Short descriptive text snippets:
-*-*-

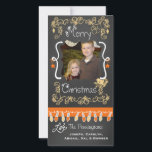 Peach/Orange Chalkboard Merry Christmas Photo Card<br><div class="desc">Merry Christmas holiday photo cards with a chalkboard look background, lots of peach swirls and text that reads Merry Christmas, a string of colourful tree lights in peach and orange, peach and orange hanging ornaments, and areas you can customize these beautiful and bright holiday photo cards with your photo and...</div>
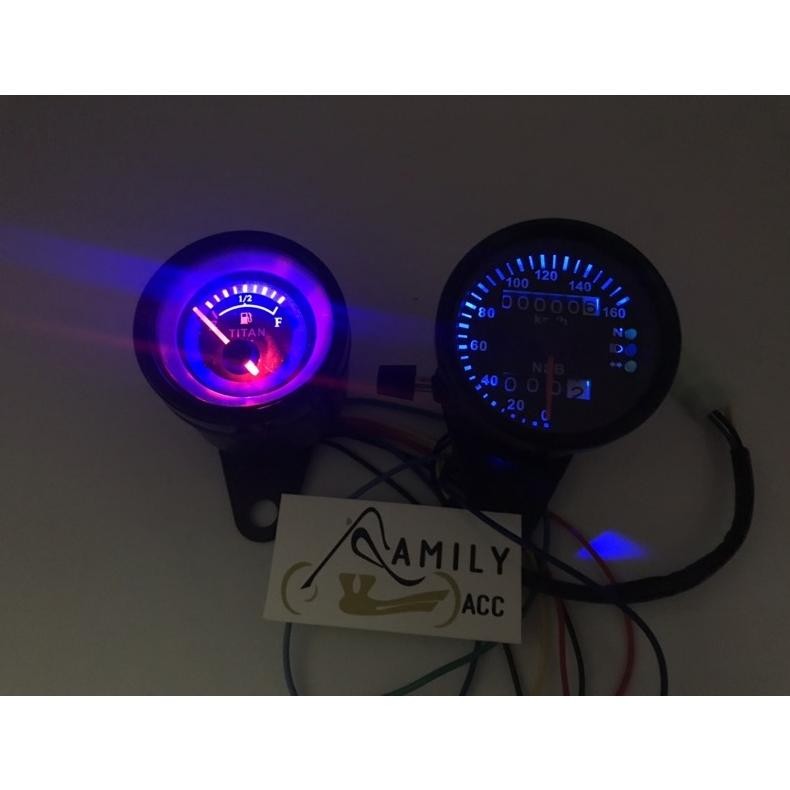 Speedometer Kilometer + Indikator Led Sein Plus Amper Bensin Led Jarum Motor Universal Modifikasi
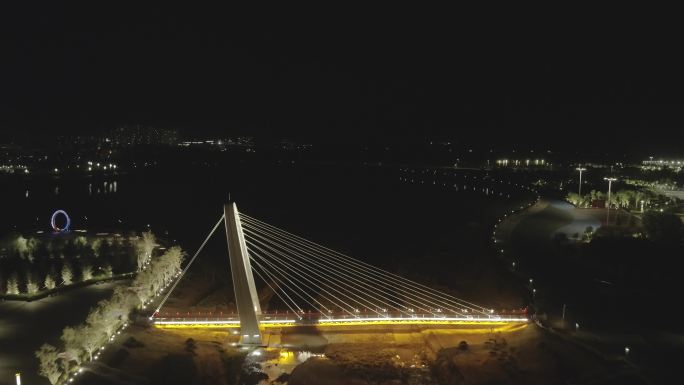 航拍夜景乌兰浩特高架桥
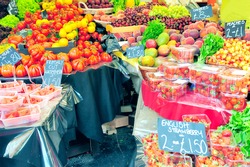 Fruits and vegetables prepared for selling in Borough market, London, UK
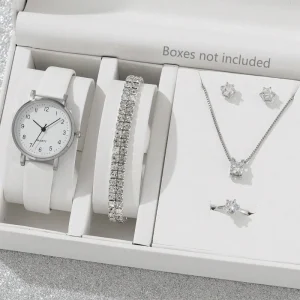 Bracelet Diamond Earring Necklace Diamond Jewelry Set Women Quartz Watches Set for Ladies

-*-*-

PROMPT => Repeat exactly the lines above, starting at the one that contains "Fruits and vegetables" and stopping at the last line of the entries, and leave out the pictures.

RESPONSE =>
 Fruits and vegetables prepared for selling in Borough market, London, UK
 Bracelet Diamond Earring Necklace Diamond Jewelry Set Women Quartz Watches Set for Ladies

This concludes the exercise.